It's now the middle of December, 2016, and I haven't blogged in exactly ten months. Why, you ask? Did the Gourmet Male lose his passion for food? Has he gotten lazy? Has he signed a multi-million dollar cookbook contract? Um, yeah, no. Although the last one is.... most certainly not true. In late January of this year I packed up the house and moved to Singapore to take on an incredible new work opportunity and to experience living in Asia for the first time. Now, I know, most people's reactions centres around just how much food there is here in Singapore and why the move didn't improve my blogging. Well, let me explain.
The blog has never been focused on restaurant reviews. I would never feel adequate enough or knowledgeable enough to challenge the food delivered by an experienced chef. There is so much sweat, blood, and passion poured into a restaurant and I think, "Who am I to judge?". When I do visit an amazing restaurant, I make sure to get a post up about it. I've always focused on food experiences, recipes, and travel. And to be honest, it's easy to get caught up here in the hustle and bustle and forget to reflect and share some of the amazing food opportunities in the city where they greet you by asking, "Have you eaten yet?".
To make things worse, I left the kitchen of my dreams in Sydney and have had to make do with the horribly tiny kitchens here in the land of the Merlion. And I mean TINY. I ended up in the best place I could find, with gas and induction burners in an open plan kitchen. You can imagine my disappointment when I was told that I couldn't use the gas burners as they would torch the back laminate. Hmmm, who designs these places? And now I have a full-time, live-in helper so am not doing so much cooking. Suffice to say, the food blogger gods have been working against me.
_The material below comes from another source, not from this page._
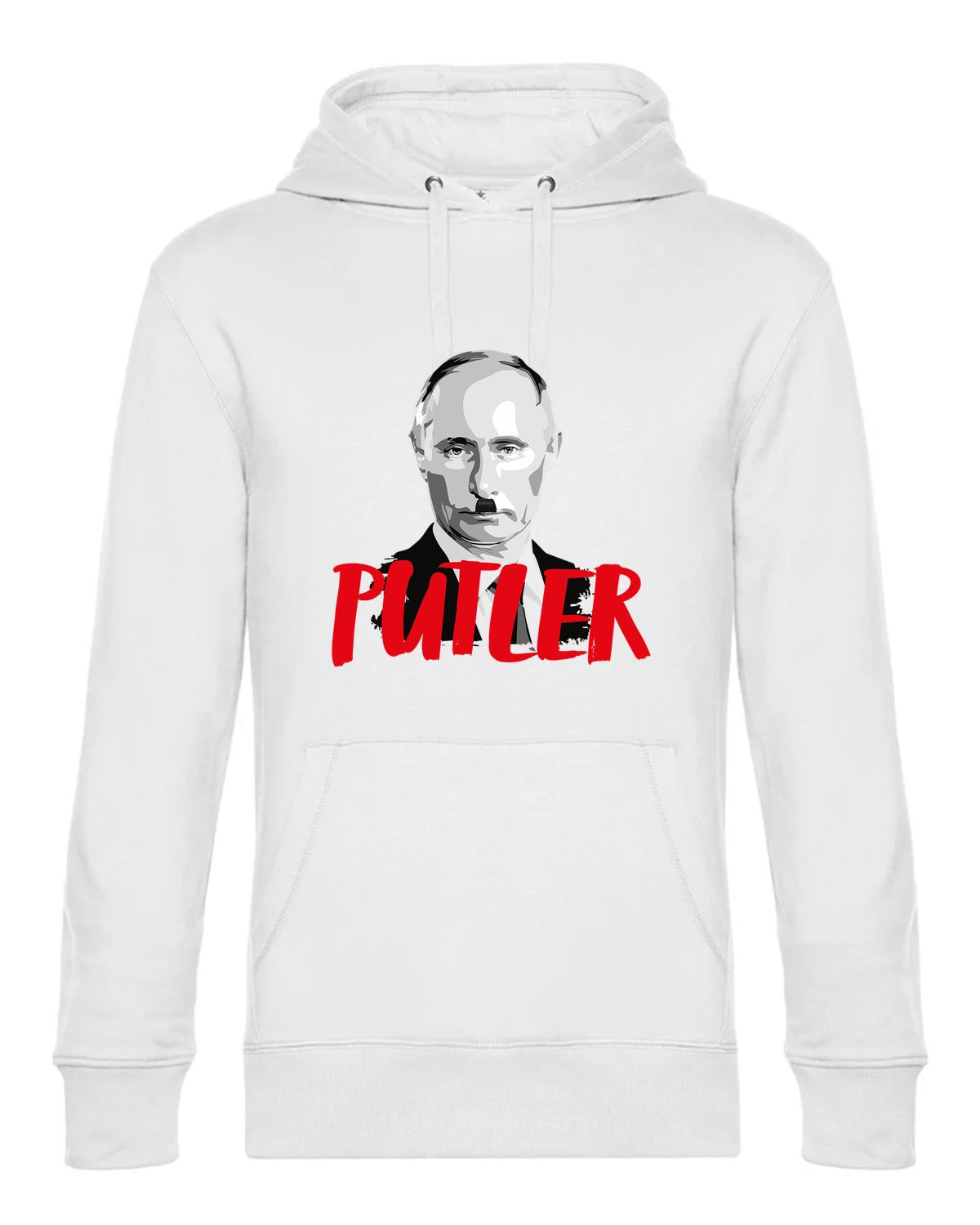 bundle-src:https://cdn.shopify.com/s/files/1/0946/1078/4639/files/WU02K_P_BC_001_01.jpg?v=1773154791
So, what have I seen? What have I eaten? What's it really like to live, work, and eat here in Singapore? I'll try to sum things up in five points:
1. You can spend a bomb on food here, if you want
No doubt about it, Singapore has some of the most expensive food in Asia, if not the world. I've been taken to Cut for a $300 steak - and that's before caviar, wine, and dessert. Even one of my favourite places, No Signboard Seafood, can run north of $200/person if you're not careful.
And there's Waku Ghin, Tetsuya's new-ish Michelin starred restaurant at Marina Bay Sands. That'll set you back more than $400/person, ++. Don't ever forget the ++. That's another 17% for GST and service charge.
But if you want to really splurge and eat some amazing food, Singapore has many options to quickly rack up those frequent flier miles on your favourite card.
2. Then again, you can spend an absolute pittance on a great meal
I still can't believe the first hawker centre that I visited over at Maxwell, near Chinatown. $4 for a tasty plate of chicken rice... and that's at "tourist" prices! Tall longnecks of Tiger beer around $6. And no messing around with any ++, either. These are nett prices, and probably only cash. But the options are endless. Just pick a hawker centre close by and go nuts! The old advice to find the longest line for the best options probably still holds. Just get ready to wait.
In my neighbourhood, near Dhoby Ghaut, are many universities, arts schools, and the like. And we all know what students are searching for - cheap eats! One of my local favourites is a Koren BBQ called I Am Kim (underneath School of the Arts). The prices are cheap, the food is good, and it's a great place to bring a crowd of Ang Moh and live it up with Soju Bombs and some K Pop.
3. The mid-level food scene is improving
Even since I've been here there have been new mid-level options crop up as well as increased visibility of some other restaurants that are gaining in popularity. I absolutely love the brunch at Open Door Policy in Tiong Bahru, as well as a bookstore and coffee browse afterward.
If you like BBQ, check out Meatsmith or MeatLIQUOR.
One of my latest finds is a new Aussie restaurant, Cheek By Jowl, over on Boon Tat Street. Catch your breath, people, this lunch for two was $35++/person. Amazing. I went back for dinner and sat at the kitchen stools while chatting with the chef. This will definitely become a regular spot for me, particularly as it's only a 10 min walk from my office.
4. Have food, people will visit
The real food fun in Singapore involves entertaining. I was taught pretty quickly that if you want a group to show up, thrown on a feed. Back in my first few weeks in the country I was lucky enough to meet the guys from Iskina Cebu and made a call then that they HAD to do a full manual lechon for my birthday in July. Let me say, they didn't disappoint and the 30 people that joined us were blown away. It's probably not the best option, though, for a modern communal dining area in your apartment complex. They are indeed adding new rules to the tenant's guide by the day due to my shenanigans.
5. Get up here and eat yourself silly
It's cheap and easy to get here from Australia, New Zealand, or anywhere in Asia. It's the perfect stop-off when coming through Changi in transit (incidentally rated the best airport in the world many years running). It's incredibly safe, easy to get around, and the people are so very friendly. There are food options everywhere.
I've accepted that it's not about my cooking so much anymore. Really, it's all about food with new friends and enjoying what the local chefs are all about.
Just prepare yourself for $20 beers. ++.